“Others are gone when they are gone; when everything has gone away, just you are close to me.” — Oktay Rifat
Naked bodies, silent landscapes, and the nearness of longing.
This sub-series emerged from a time of enforced distance—not as a document of isolation, but as a return to images made over many years that suddenly spoke differently. When the world retreated indoors, these photographs of bodies on empty coastlines, among bare branches and sea-worn rocks, became a meditation on what remains close when everything else withdraws.
The visual language draws on a long tradition of the solitary figure in landscape. Caspar David Friedrich’s Rückenfigur—the figure seen from behind, facing the immensity of nature—finds echo here. But where Friedrich’s wanderers stand upright before mountains and fog, contemplating the sublime, these bodies fold into the shoreline, curl on rocks, sink into shallows. They do not confront nature; they yield to it. The romantic sublime gives way to something more elemental: not awe, but absorption.
Bill Brandt’s coastal nudes of the 1950s, made on the rocky beaches of Normandy and Sussex, provide another point of reference. Brandt transformed bodies into landforms—hips becoming boulders, spines becoming cliffs. This series shares that instinct to dissolve the boundary between flesh and stone, but the tone differs. Where Brandt’s images carry a monumental, almost surrealist strangeness, these photographs remain intimate, tender, suffused with the particular melancholy of distance.
The images are rendered in high-contrast black-and-white with soft vignettes that recall analog film—edges darkening as if memory itself were fading at the periphery. This technical choice is not nostalgia but intention: the vignette draws the eye inward, toward the figure, while the world recedes.

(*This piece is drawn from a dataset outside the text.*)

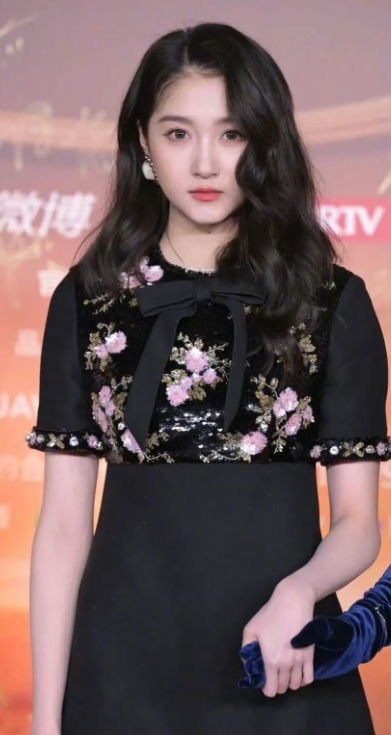 关晓彤造型师被骂上热搜
说实话，三个人的造型都不太行[捂脸]，全部都是靠脸在撑，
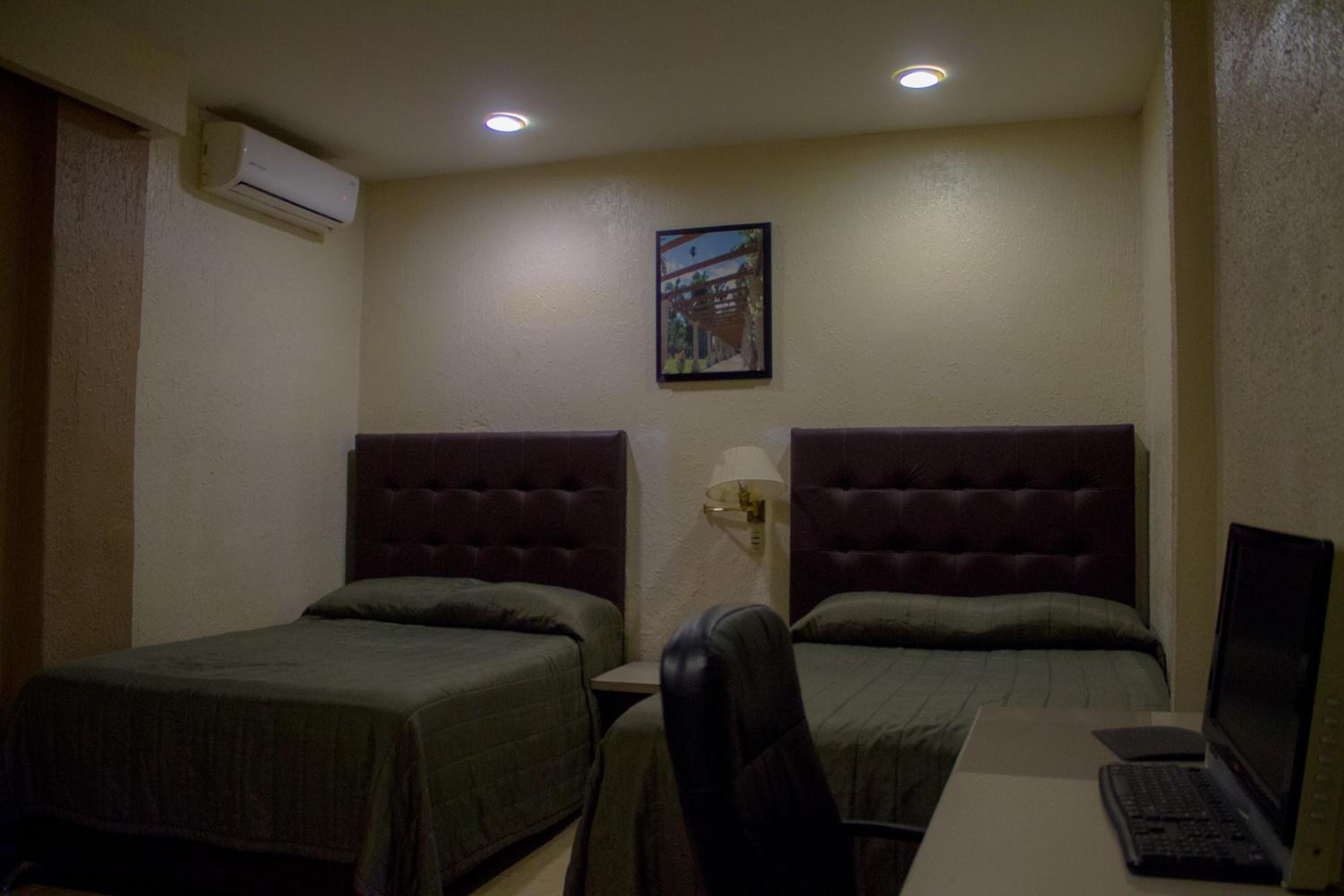 Los Mochis Vacations - Hotel America Centro - Property Image 5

Figures appear small against the sea, balanced on stones, half-submerged in tide pools. They do not dominate the landscape; they belong to it. This is not the body as subject but the body as element: as present and as silent as rock, water, wind.
The title comes from Turkish poet Oktay Rifat, whose lines capture the paradox at the heart of the work: that absence can sharpen presence, that distance can clarify what is near. These photographs do not mourn isolation—they trace the quiet closeness that persists beneath it. In the space between the body and the sea, something remains that cannot be withdrawn.